This is from Tim Kellers document on Galatians (unmodified, no emphasis added)
SCRIPTURE | Galatians 2:4 –16 (NIV)
4 This matter arose because some false brothers had infiltrated our ranks to spy on the freedom we have in Christ Jesus and to make us slaves. 5 We did not give in to them for a moment, so that the truth of the gospel might remain with you. As for those who seemed to be important — whatever they were makes no difference to me; God does not judge by external appearance — those men added nothing to my message. 7 On the contrary, they saw that I had been entrusted with the task of preaching the gospel to the Gentiles, just as Peter had been to the Jews. 8 For God, who was at work in the ministry of Peter as an apostle to the Jews, was also at work in my ministry as an apostle to the Gentiles. 9 James, Peter and John, those reputed to be pillars, gave me and Barnabas the right hand of fellowship when they recognized the grace given to me. They agreed that we should go to the Gentiles, and they to the Jews. 10 All they asked was that we should continue to remember the poor, the very thing I was eager to do. 11 When Peter came to Antioch, I opposed him to his face, because he was clearly in the wrong. 12 Before certain men came from James, he used to eat with the Gentiles. But when they arrived, he began to draw back and separate himself from the Gentiles because he was afraid of those who belonged to the circumcision group. 13 The other Jews joined him in his hypocrisy, so that by their hypocrisy even Barnabas was led astray. 14 When I saw that they were not acting in line with the truth of the gospel, I said to Peter in front of them all, “You are a Jew, yet you live like a Gentile and not like a Jew. How is it, then, that you force Gentiles to follow Jewish customs? 15 “We who are Jews by birth and not ‘Gentile sinners’ 16 know that a man is not justified by observing the law, but by faith in Jesus Christ. So we, too, have put our faith in Christ Jesus that we may be justified
by faith in Christ and not by observing the law, because by observing the law no one will be justified.”

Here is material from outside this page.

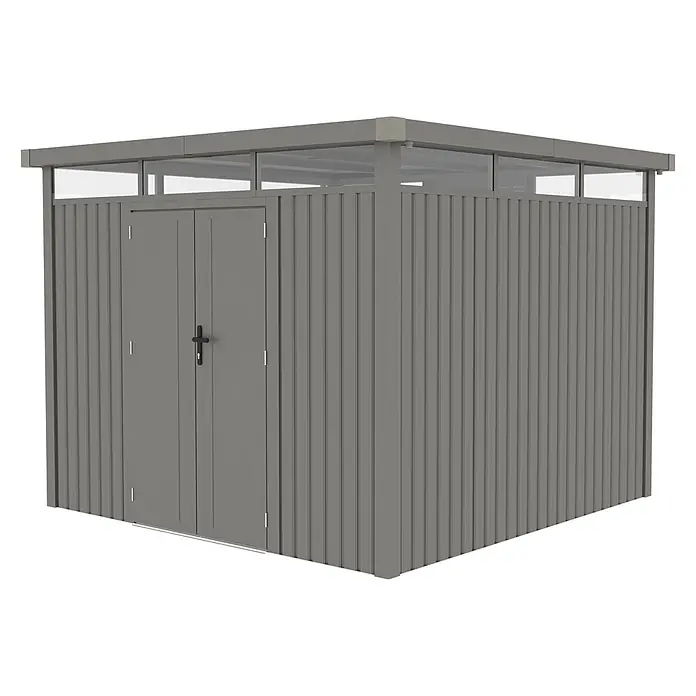 StarLine Metall Gerätehaus Style 7,56 m² Aluminium Grau - Außenbreite inkl. Dachüberstand: 294 cm, Außentiefe inkl. Dachüberstand: 294 cm, Metall, Aluminium Grau (RAL 9007) - Moderner grauer Metall-Gartenschuppen mit Flachdach, klaren Oberlichtern und Doppeltüren.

In our culture, freedom is highly valued and truth claims are devalued because they are viewed as oppressive and freedom-stifling. Truth cannot simply be truth in and of itself; it must be subjective — truth for me. Your truth about God and ultimate reality can be completely different from mine. What light can this passage shed on the relationship between truth and freedom? In his letter to the Galatian church, Paul is defending the truth of the gospel against a group of people who were undermining his preaching. They were spreading lies about him and distorting his message by making new believers in Jesus comply with additional “entrance requirements” for membership in the faith community, such as circumcision and adherence to specific dietary laws. Against this false teaching, Paul asserts that faith in Christ is ALL that is necessary to be saved from sin and welcomed into the community of believers. Therefore, all who profess faith in Christ are welcomed at the table. All are equal in the community regardless of race, ethnicity, gender, or class. No additional qualifications are needed beyond a faith in Christ. Paul is adamant in his defense of this truth claim, yet in verse four he mentions the freedom believers have. What could this freedom be? Our culture defines freedom as complete autonomy of choice. Paul describes it as freedom from the curse God’s law pronounces on sin. This is the freedom a person receives when he or she accepts Christ. (See Galatians 3:10–14; 5:1, 13). This new liberty is not a liberty to sin but a liberty to freely choose not to sin — a choice that a person without Christ does not have. When individuals put their faith in Jesus Christ, they no longer are irresistibly drawn to sin, because their hearts are now inclined towards God by the power of the Holy Spirit. Furthermore, they have the right to enjoy full fellowship with God without entering through the doorway of ceremonial laws. In the first century, this had amazing implications for the new Christian community, as all kinds of Gentiles (non-Jews), women, and racial outcasts from “the nations” were embraced by followers of Christ. Paul knew it was a truth claim worth fighting for.
1. What kinds of freedoms do you think believers in Christ specifically enjoy? What kinds of obligations do they have? Do you sense a tension here?
2. How could something that constrains a person’s freedom (such as a regular commitment or obligation) expand his or her freedom in other areas of life?
3. How does Paul’s insistence on an absolute truth claim promote social justice in this instance? Read verses 11–16 carefully. What do you notice in Paul’s words and actions about how to confront someone who is in the wrong? How might it relate to his description of the behavior of the “false brothers” in verse four?
4. Table fellowship in the Middle East of the first century was a very intimate social occasion. To intentionally remove yourself from people you once broke bread with
was a great insult.
Why was Paul unwilling to let Peter find “his own truth” in this matter?